Setting force_update = true skips the check and always applies the update; use with caution as it may degrade recall.

UpdateId

UpdateId(old_id, new_id) renames an existing id without touching the underlying vector. Returns true on success, false if old_id was not found or new_id already exists.

index->UpdateId(123, 456);

A runnable example combining UpdateVector, Remove, and Add is available at examples/cpp/305_feature_update.cpp.

Cloning an Index

Clone() produces a deep copy of the entire index — vectors, graph, quantizer state, and metadata — as an independent IndexPtr. The clone can be searched, mutated, or serialized independently of the source.

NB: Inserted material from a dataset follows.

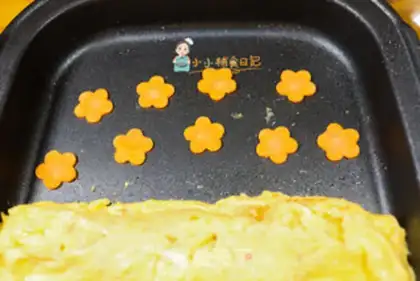 Make Carrot flowers, thick egg burns step 7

auto cloned = index->Clone().value();

// Both indexes return identical search results immediately after cloning.
auto r1 = index->KnnSearch(query, k, params).value();
auto r2 = cloned->KnnSearch(query, k, params).value();

Clone optionally accepts a custom Allocator so that the cloned index uses a different memory region than the source — useful for handing an index off to a thread or component that owns its own allocator. See Memory Management for allocator details.

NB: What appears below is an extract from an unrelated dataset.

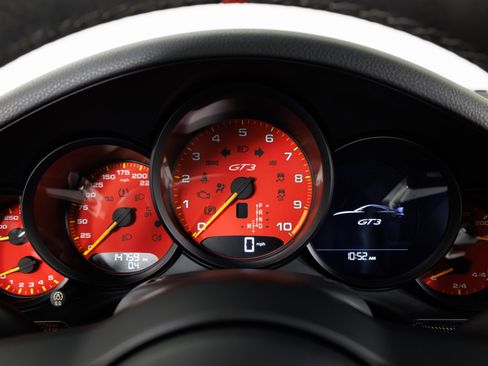 Used 2018 Porsche 911 GT3 RWD image 19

A runnable example is available at examples/cpp/309_feature_clone.cpp.

Exporting the Trained Model

ExportModel() returns an empty index that retains all trained state (quantization codebooks, centroids, hyperparameters) of the source but contains no vectors. It is the canonical way to share a pre-trained model across shards, processes, or hosts without re-running training.

auto exported = index->ExportModel();
if (not exported.has_value()) {
    // index does not support ExportModel — handle the error
    return;
}
auto model = *exported;

// Populate the empty model with a new (potentially different) vector set.
for (int64_t i = 0; i < num_vectors; ++i) {
    auto one = vsag::Dataset::Make();
    one->NumElements(1)->Dim(dim)->Ids(ids + i)
       ->Float32Vectors(vectors + i * dim)->Owner(false);
    model->Add(one);
}

The returned index behaves identically to one freshly created via Factory::CreateIndex(...) and trained on the source data — only the per-vector storage is empty. This pattern is particularly useful for IVF-style indexes where training (k-means on centroids) is the dominant cost.

A runnable example is available at examples/cpp/310_feature_export_model.cpp.

Notes and Limitations

  • Remove, UpdateVector, and UpdateId are concurrent-safe on HGraph when the matching *_CONCURRENT capability flag is set. The flag set also gates safe combinations with concurrent search and add (e.g. SUPPORT_ADD_SEARCH_DELETE_CONCURRENT).
  • MARK_REMOVE does not free memory; use FORCE_REMOVE or rebuild periodically if you need to reclaim space.
  • Clone cost scales linearly with index size. For large indexes prefer serialization + deserialization with a dedicated reader if you only need a snapshot on disk.
  • ExportModel preserves training but not any inserted vectors. The exported model can be freely serialized and shipped before any vectors are added.